─── THE DATA

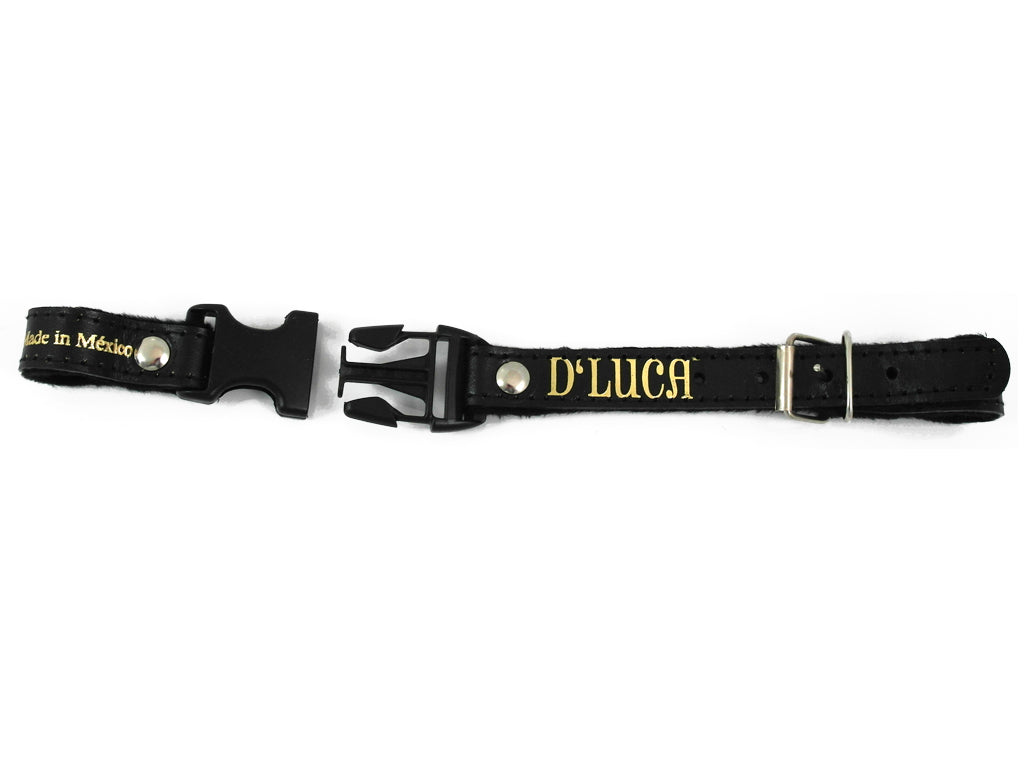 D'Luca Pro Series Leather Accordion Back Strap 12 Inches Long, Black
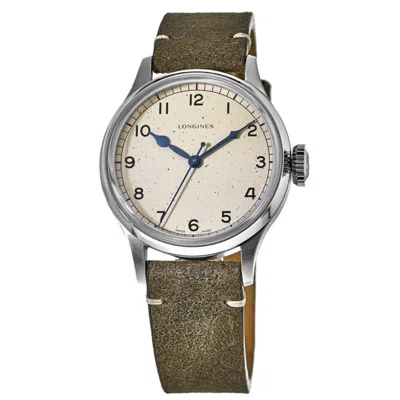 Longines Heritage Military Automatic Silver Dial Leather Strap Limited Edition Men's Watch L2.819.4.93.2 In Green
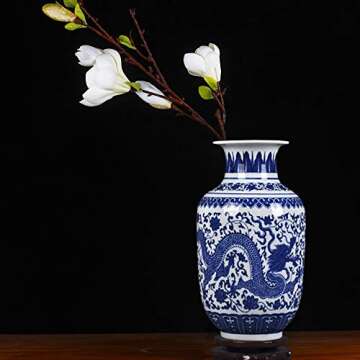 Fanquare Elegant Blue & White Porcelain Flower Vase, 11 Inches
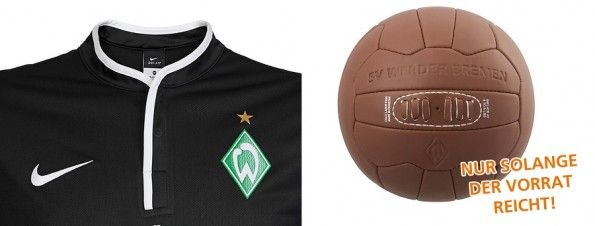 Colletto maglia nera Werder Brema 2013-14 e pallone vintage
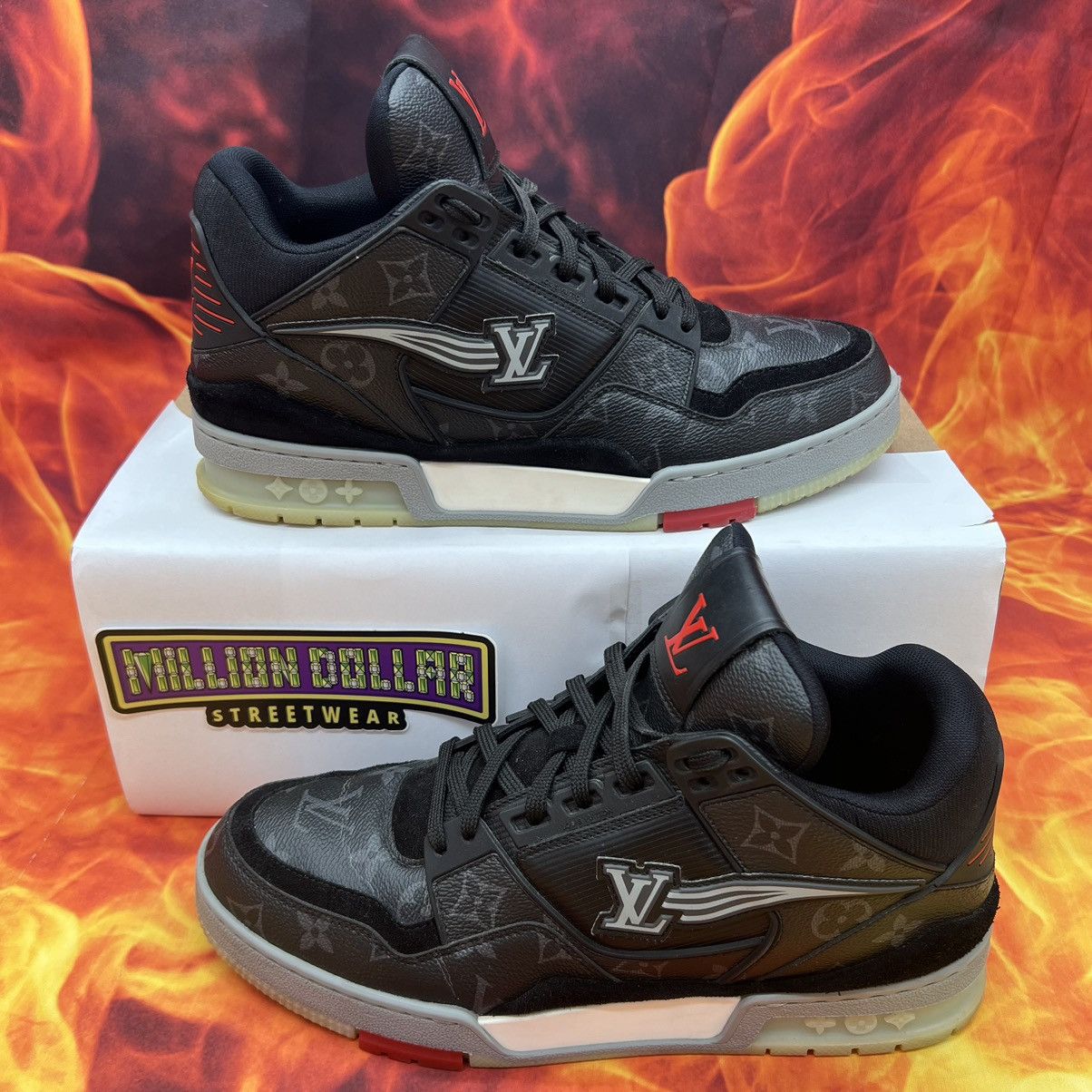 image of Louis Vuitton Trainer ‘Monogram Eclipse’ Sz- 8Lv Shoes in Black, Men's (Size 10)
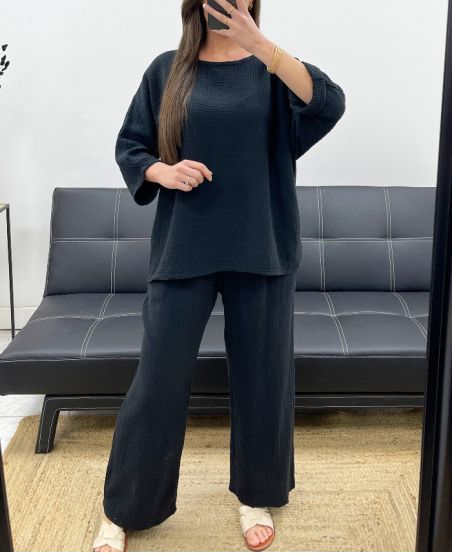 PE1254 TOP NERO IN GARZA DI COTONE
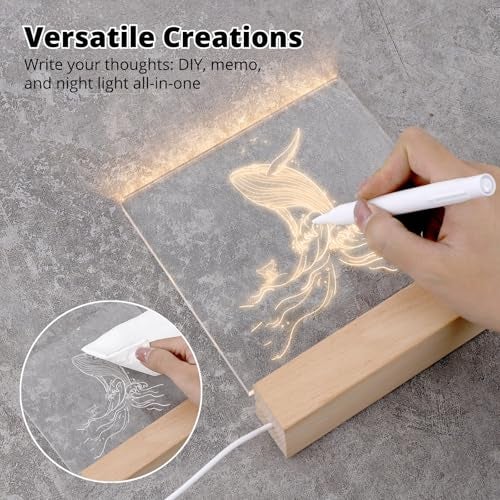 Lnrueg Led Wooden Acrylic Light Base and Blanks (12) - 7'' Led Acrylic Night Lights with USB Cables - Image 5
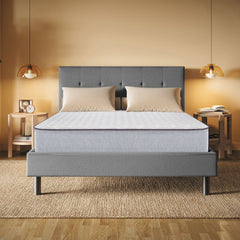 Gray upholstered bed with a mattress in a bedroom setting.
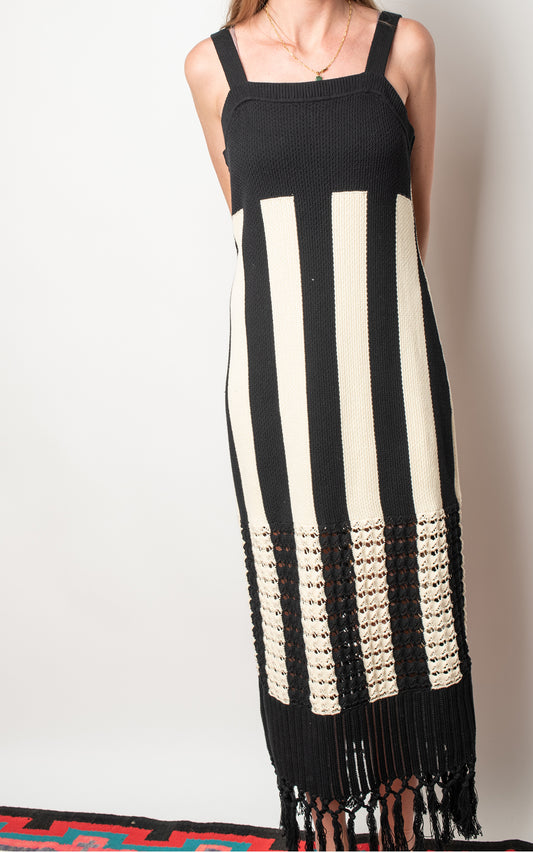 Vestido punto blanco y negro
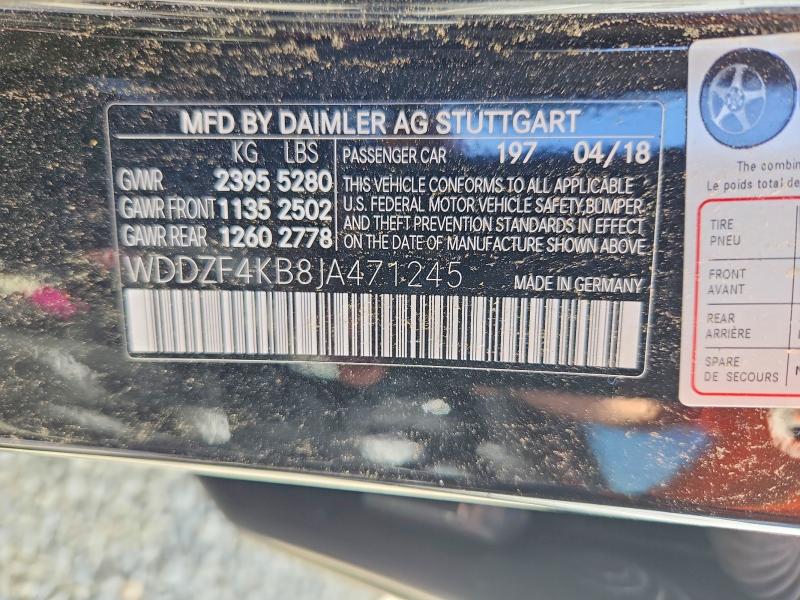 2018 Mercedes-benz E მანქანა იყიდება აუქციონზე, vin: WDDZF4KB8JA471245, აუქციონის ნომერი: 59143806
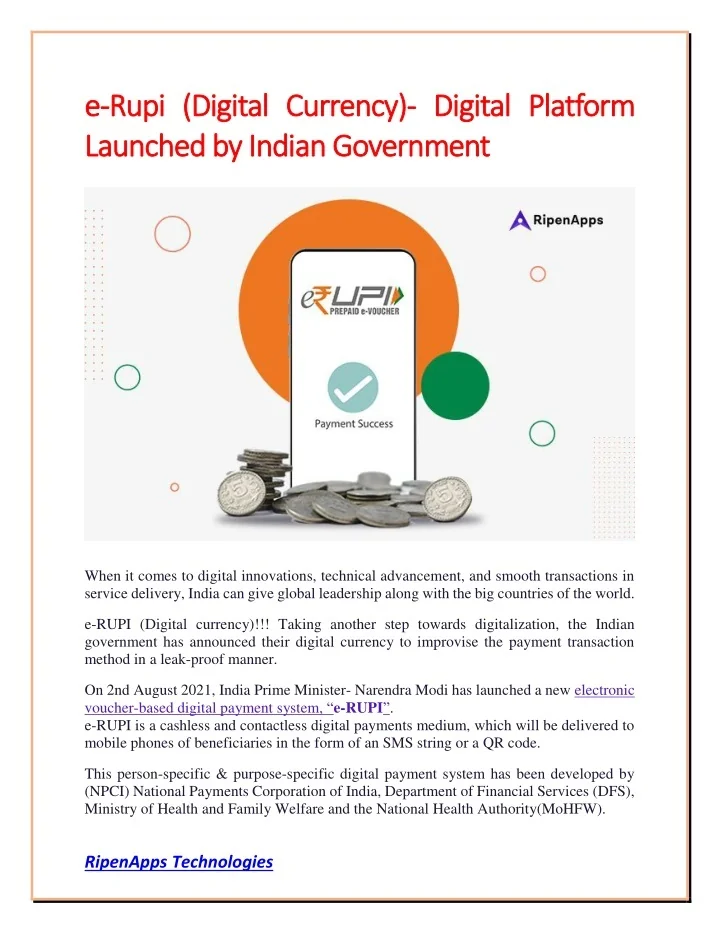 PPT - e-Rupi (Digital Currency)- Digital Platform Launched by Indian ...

──────

**WHAT TO DO**
Without the pictures, set down every entry exactly.

**RESULT**
 D'Luca Pro Series Leather Accordion Back Strap 12 Inches Long, Black
 Longines Heritage Military Automatic Silver Dial Leather Strap Limited Edition Men's Watch L2.819.4.93.2 In Green
 Fanquare Elegant Blue & White Porcelain Flower Vase, 11 Inches
 Colletto maglia nera Werder Brema 2013-14 e pallone vintage
 image of Louis Vuitton Trainer ‘Monogram Eclipse’ Sz- 8Lv Shoes in Black, Men's (Size 10)
 PE1254 TOP NERO IN GARZA DI COTONE
 Lnrueg Led Wooden Acrylic Light Base and Blanks (12) - 7'' Led Acrylic Night Lights with USB Cables - Image 5
 Gray upholstered bed with a mattress in a bedroom setting.
 Vestido punto blanco y negro
 2018 Mercedes-benz E მანქანა იყიდება აუქციონზე, vin: WDDZF4KB8JA471245, აუქციონის ნომერი: 59143806
 PPT - e-Rupi (Digital Currency)- Digital Platform Launched by Indian ...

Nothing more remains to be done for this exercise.